EXERCISE AIM — Starting with the line containing "Musa’s land, once" and going on through the line containing "Serene Reflections Canvas", return the lines of the data below exactly, and only those.

--- EXERCISE INPUTS ---

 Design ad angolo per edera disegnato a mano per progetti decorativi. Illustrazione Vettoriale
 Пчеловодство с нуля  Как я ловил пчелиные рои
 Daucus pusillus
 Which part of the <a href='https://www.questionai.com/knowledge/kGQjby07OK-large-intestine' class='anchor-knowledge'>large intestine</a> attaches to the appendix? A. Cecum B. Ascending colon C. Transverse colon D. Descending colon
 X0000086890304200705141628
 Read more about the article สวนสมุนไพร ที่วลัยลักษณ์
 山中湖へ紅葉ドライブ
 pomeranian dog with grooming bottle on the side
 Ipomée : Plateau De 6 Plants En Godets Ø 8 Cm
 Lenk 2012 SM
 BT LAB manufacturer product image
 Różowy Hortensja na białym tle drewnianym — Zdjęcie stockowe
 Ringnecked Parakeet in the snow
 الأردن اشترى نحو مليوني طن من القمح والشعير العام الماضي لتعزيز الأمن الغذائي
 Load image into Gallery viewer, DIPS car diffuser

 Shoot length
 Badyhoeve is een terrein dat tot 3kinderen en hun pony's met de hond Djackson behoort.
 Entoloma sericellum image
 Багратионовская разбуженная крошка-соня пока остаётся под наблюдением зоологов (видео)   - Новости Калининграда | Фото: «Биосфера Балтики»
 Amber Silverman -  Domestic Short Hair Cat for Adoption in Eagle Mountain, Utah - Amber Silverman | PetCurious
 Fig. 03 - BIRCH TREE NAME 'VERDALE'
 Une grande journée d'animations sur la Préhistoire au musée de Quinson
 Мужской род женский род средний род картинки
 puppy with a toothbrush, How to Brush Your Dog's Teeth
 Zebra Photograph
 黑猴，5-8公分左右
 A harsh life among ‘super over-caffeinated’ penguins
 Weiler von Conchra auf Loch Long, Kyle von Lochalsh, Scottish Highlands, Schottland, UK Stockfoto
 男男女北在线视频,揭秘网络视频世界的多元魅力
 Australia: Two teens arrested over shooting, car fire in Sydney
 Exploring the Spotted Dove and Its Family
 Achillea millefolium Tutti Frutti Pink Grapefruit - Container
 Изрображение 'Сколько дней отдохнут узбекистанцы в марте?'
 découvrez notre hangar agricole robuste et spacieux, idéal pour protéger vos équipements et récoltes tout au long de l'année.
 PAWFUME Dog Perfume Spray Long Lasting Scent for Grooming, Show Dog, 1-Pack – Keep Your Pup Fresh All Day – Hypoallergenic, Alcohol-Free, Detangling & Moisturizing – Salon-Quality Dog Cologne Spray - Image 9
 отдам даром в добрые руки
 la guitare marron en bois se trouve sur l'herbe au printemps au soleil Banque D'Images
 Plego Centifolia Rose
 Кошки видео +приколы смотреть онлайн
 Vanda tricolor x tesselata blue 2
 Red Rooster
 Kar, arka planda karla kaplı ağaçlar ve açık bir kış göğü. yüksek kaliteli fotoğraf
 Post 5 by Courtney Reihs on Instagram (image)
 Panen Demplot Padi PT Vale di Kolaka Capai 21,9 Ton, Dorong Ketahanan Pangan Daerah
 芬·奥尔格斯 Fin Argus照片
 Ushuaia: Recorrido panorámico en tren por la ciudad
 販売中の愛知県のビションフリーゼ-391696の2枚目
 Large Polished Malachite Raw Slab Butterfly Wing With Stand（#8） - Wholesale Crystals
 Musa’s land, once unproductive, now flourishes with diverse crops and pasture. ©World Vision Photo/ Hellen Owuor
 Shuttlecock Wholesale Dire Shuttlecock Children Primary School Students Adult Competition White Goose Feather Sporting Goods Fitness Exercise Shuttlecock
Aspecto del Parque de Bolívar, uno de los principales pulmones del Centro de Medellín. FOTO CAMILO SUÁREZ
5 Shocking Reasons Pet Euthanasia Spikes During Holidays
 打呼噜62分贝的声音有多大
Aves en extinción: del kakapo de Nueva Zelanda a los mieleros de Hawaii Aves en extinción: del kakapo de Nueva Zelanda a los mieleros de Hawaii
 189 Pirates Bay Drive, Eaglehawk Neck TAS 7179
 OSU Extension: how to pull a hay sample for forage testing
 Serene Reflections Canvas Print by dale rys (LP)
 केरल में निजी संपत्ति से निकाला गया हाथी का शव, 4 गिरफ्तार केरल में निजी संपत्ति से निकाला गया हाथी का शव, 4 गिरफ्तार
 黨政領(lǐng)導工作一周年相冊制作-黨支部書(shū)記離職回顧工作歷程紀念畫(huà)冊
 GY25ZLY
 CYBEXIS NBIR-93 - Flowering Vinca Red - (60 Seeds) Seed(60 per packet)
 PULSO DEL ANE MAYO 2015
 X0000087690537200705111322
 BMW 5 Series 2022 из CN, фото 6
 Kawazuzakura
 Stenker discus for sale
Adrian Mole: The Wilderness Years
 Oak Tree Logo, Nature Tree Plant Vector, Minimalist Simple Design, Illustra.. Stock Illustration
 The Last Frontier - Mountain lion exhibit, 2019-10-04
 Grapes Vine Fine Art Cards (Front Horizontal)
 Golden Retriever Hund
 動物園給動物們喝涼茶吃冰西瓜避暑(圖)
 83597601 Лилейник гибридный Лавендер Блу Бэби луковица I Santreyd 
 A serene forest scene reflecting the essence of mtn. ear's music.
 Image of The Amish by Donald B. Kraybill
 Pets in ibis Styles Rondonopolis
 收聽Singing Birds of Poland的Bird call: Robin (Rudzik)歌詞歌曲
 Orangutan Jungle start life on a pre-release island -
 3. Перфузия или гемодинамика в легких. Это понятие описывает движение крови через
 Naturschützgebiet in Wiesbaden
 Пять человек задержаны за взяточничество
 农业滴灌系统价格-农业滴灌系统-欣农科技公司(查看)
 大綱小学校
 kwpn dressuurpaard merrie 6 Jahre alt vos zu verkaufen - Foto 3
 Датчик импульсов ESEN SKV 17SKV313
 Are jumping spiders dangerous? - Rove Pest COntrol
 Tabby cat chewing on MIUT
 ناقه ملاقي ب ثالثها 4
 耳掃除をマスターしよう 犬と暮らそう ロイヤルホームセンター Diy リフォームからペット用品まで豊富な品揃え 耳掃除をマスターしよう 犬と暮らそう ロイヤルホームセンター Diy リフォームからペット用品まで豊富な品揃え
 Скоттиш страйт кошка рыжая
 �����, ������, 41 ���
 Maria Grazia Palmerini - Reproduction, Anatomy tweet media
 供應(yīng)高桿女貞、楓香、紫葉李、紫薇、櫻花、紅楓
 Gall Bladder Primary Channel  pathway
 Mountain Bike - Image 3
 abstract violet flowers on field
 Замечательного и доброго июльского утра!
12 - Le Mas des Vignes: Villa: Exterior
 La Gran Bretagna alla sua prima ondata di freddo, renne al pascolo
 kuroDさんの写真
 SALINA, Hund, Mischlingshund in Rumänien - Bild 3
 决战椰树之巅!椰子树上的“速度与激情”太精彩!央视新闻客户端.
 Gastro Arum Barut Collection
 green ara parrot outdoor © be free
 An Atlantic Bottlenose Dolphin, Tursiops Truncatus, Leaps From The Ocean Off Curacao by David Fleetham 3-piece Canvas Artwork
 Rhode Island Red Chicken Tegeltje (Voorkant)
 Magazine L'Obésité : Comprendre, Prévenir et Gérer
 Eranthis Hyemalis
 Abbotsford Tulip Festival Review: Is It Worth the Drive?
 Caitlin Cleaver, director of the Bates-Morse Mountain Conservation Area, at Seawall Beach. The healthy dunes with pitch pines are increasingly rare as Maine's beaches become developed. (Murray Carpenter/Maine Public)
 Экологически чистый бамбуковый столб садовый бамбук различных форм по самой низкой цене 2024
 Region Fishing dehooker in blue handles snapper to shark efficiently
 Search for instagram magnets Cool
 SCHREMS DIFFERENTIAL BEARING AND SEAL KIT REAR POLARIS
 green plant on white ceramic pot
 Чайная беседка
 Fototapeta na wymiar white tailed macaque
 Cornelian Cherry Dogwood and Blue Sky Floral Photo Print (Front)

---

ANSWER BOX —
 Musa’s land, once unproductive, now flourishes with diverse crops and pasture. ©World Vision Photo/ Hellen Owuor
 Shuttlecock Wholesale Dire Shuttlecock Children Primary School Students Adult Competition White Goose Feather Sporting Goods Fitness Exercise Shuttlecock
Aspecto del Parque de Bolívar, uno de los principales pulmones del Centro de Medellín. FOTO CAMILO SUÁREZ
5 Shocking Reasons Pet Euthanasia Spikes During Holidays
 打呼噜62分贝的声音有多大
Aves en extinción: del kakapo de Nueva Zelanda a los mieleros de Hawaii Aves en extinción: del kakapo de Nueva Zelanda a los mieleros de Hawaii
 189 Pirates Bay Drive, Eaglehawk Neck TAS 7179
 OSU Extension: how to pull a hay sample for forage testing
 Serene Reflections Canvas Print by dale rys (LP)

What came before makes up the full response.